The Thames Valley office market is at a pivotal moment while the thriving industrial sector faces challenges from rising interest rates and inflation.
Those findings are published in the first of a new report by Vail Williams called View West, covering its Thames Valley and Surrey areas.
It reports that office occupiers are taking barely half the space they would have pre-Covid and forecasts that the fast-evolving economic and political landscape, including the energy and cost-of-living crises, will have a major impact on the market in the last quarter of 2022.
Guy Parkes, Vail Williams partner based in Reading (pictured right), said: “The office market pendulum is continuing to swing back towards the workplace with companies embracing hybrid working and seeking to redesign, repurpose and relocate their offices to suit.
“Office attendance remains at approximately 20 per cent off pre-Covid levels and, even with signs of increased occupancy as companies get back into a rhythm, most businesses are still looking to take some 40-50 per cent less space than before the pandemic.
“Media and gaming companies, professional services and the public sector have taken a strategic and longer-term approach to future office needs and have been the driving force behind office activity across the Thames Valley and Surrey regions.
“Availability of the latest generation Grade A or Cat A+ space is beginning to dwindle across the region, as there is limited planned new development in the pipeline, meaning that refurbished Grade B space will start to fill the gap.”
The much-discussed flight to quality has continued with buildings offering favourable location, parking, amenity, flex space and quality of finish strongly in demand.
Around 9.5 million sq ft of office space is on the market across the Thames Valley and Surrey region, the majority of which is in schemes of 100,000+ sq ft. However, vacancy rates for Grade A buildings in some specific towns remain low, fuelling rental growth.
Record rents of between £47.50 and £60 per sq ft have been recorded at Windsor, Watford, St Albans, Hemel Hempstead and Guildford.
The Elizabeth Line is expected to lead to greater access to talent and support ‘hub and spoke’ strategies for those seeking to relocate.
While the industrial market remains buoyant Charlie Nicholson, Vail Williams partner based in Woking (pictured left), warns of dark clouds looming.
Both investor and occupier demand is competitive and the first half of 2022 saw record levels of industrial take-up across the Thames Valley and Surrey continue above the long-term average with hotspots of activity in the film production and life sciences sectors.
Mr Nicholson said: “As interest rates continue to rise, we could see this affect borrowing/finance in industrial construction and development into 2023, and therefore the pricing of the end let investment.

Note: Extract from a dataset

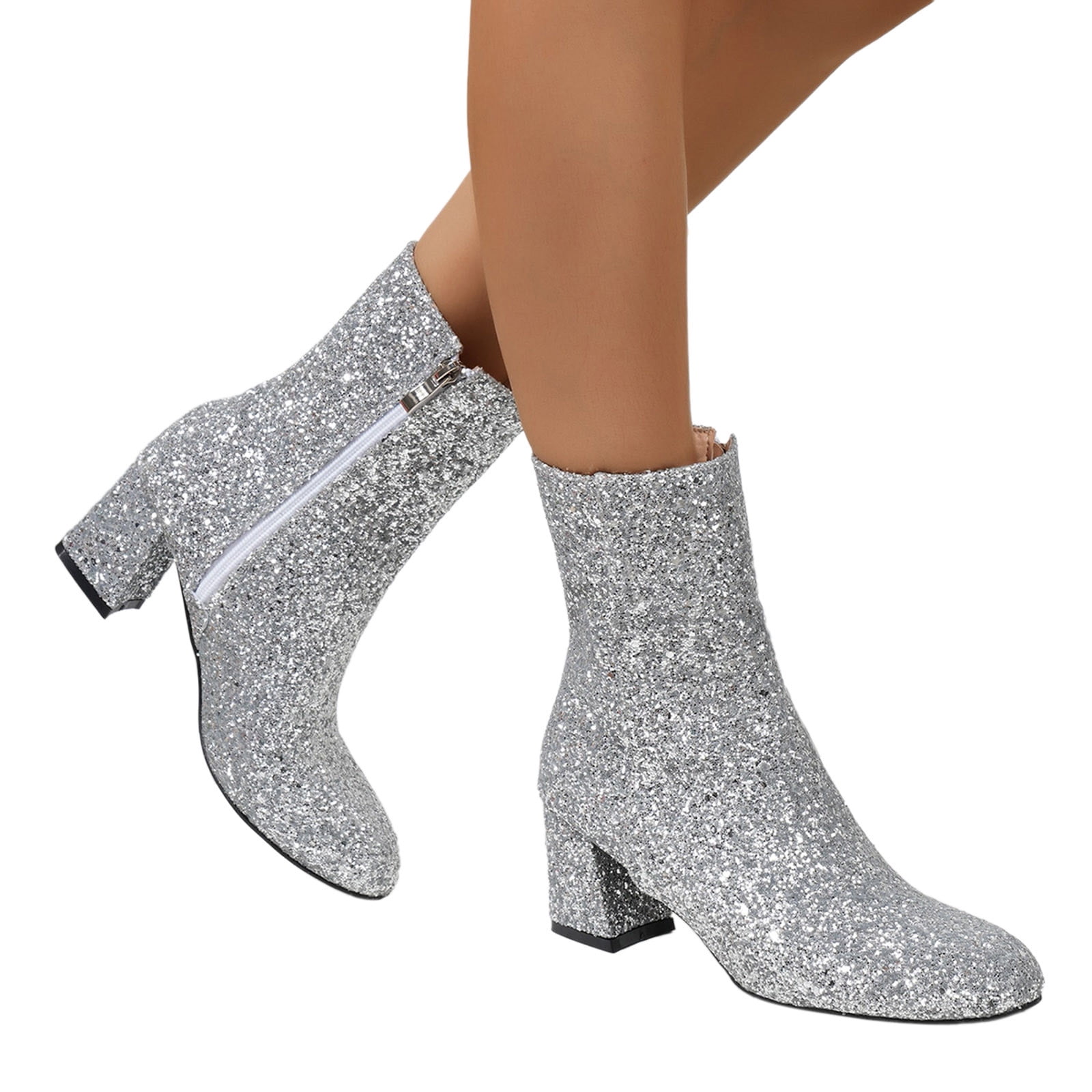 Women's Glitter Ankle Booties With Chunky Heel & Side Zipper - Round Toe Short Boots For Fall/Winter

“For occupiers, as rents continue on an upwards trajectory and a lack of meaningful supply persists, this is painting a worrying picture – particularly ahead of Revaluation 2023 and the potential for a significant business rates hike.
“Indeed, the whole nature of an industrial deal has changed with inflation-related caveats and scenarios now built in. Occupiers need to budget for rent inflations and ensure that, working with a property professional, they forecast for every potential scenario possible, to avoid any unwanted surprises.”
He added: “As build costs continue to rise, we will see rents increase in order to sustain the pricing of constriction and the purchase of land. To date in 2022, record headline rents continue to be achieved, creating an incredibly competitive market in redevelopment/development terms.
“There remain pockets of affordability in places such as Camberley and Frimley and north to Wokingham or further west to Newbury and Swindon. However, places like Park Royal are seeing rents at £30 per sq ft, on a par with offices.”